The problem is that, while there's no theoretical barrier to an authoring tool with a Director-like user experience that exports to Wasm, no one has actually written one, and it's not a small amount of work.

(I agree that we're better off without Flash, but this particular problem is real and unsolved.)

Ruffle is not complete or comprehensive. In my test of a dozen swf ruffle could successfully display about half. Compare to the actual flash plugin Shockwave Flash 11.2 r202 (11.2.202.643) in my retro machine browser which displayed them all perfectly.
What about lightspark?

htps://lightspark.github.io

Or you can just use PaleMoon browser ( https://www.palemoon.org/ ) and install the original Flash player plug-in in it.
this is unfortunately, the most revisionist take I can imagine. I don’t mean this in a personal way, mind you but while it may have been magical to publish interactive websites, using flash, that magic is utterly outweighed by the mundane vulnerabilities that flash was riddled with.
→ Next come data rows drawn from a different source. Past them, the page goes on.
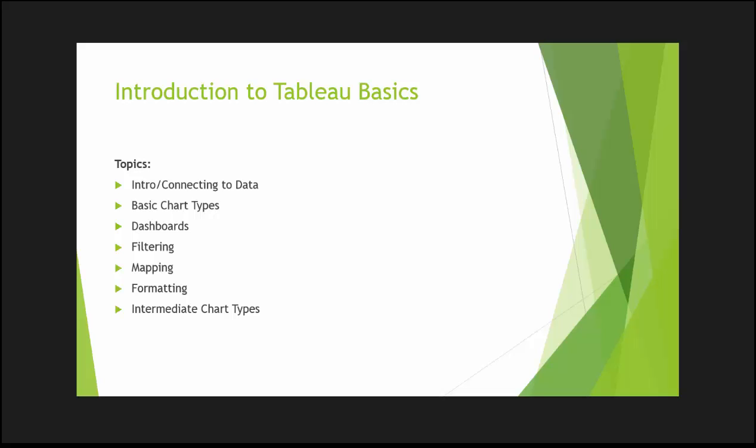In using Tableau visualization, so hopefully in these lessons you'll find it useful even if you have come across the software before. In the first lesson we're going to cover intro and how to connect to data, so let's get started.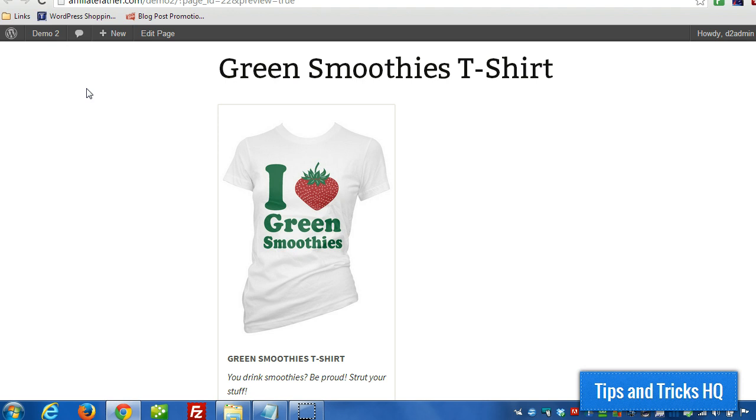I was using a digital product for those demonstrations while I switched it up to use a physical product so that way it makes more sense for when I'm demonstrating this next bit.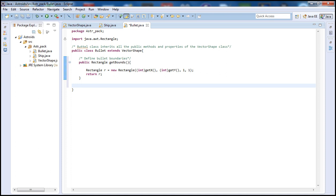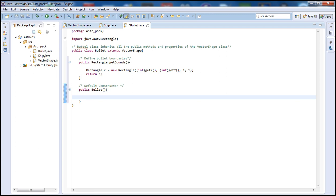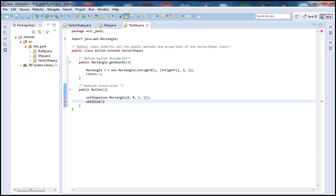Next, let's put a comment for our default constructor. We'll type public and the name of the class which is Bullet. Since we inherited all the public methods and properties from our VectorShape class, we can go ahead and call the setShape method and assign that to a new Rectangle. Let's set that to 0, 0, 1, 1. Then let's call the setAlive method from our parent class and set it equal to false, since this is not a ship — we do not need to see it unless it's firing.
It’s safe to say we all miss sites like Homestar runner, and I had a co- worker who generated many meme – worthy flash presentations of his coworkers, which were hysterical. however, flash generated security vulnerabilities on the daily, and unfortunately, these vulnerabilities were very conveniently cross platform. These vulnerabilities, which Adobe couldn’t, or wouldn’t, resolve resulted in many many lost hours fixing virus – and Trojan horse – infested PCs, Macs, and cell phones. Adobe never managed to sandbox flash at all.

I miss a lot of old flash content, and I’m sure many people miss the ease with which you could create interactive content for websites. The fault here lies squarely on Adobe, who wouldn’t fix the situation.

> "Websites are still inferior to Flash of the early 2000s. It's taken decades and they can only mimic a fraction of its power. And none of its ease."

Somewhat mirrors my experience with all those rubbish non-PDF formats for digital document publishing, e. g. ePub: Often terminally ugly and utterly useless on top of it (not properly citeable, et cetera).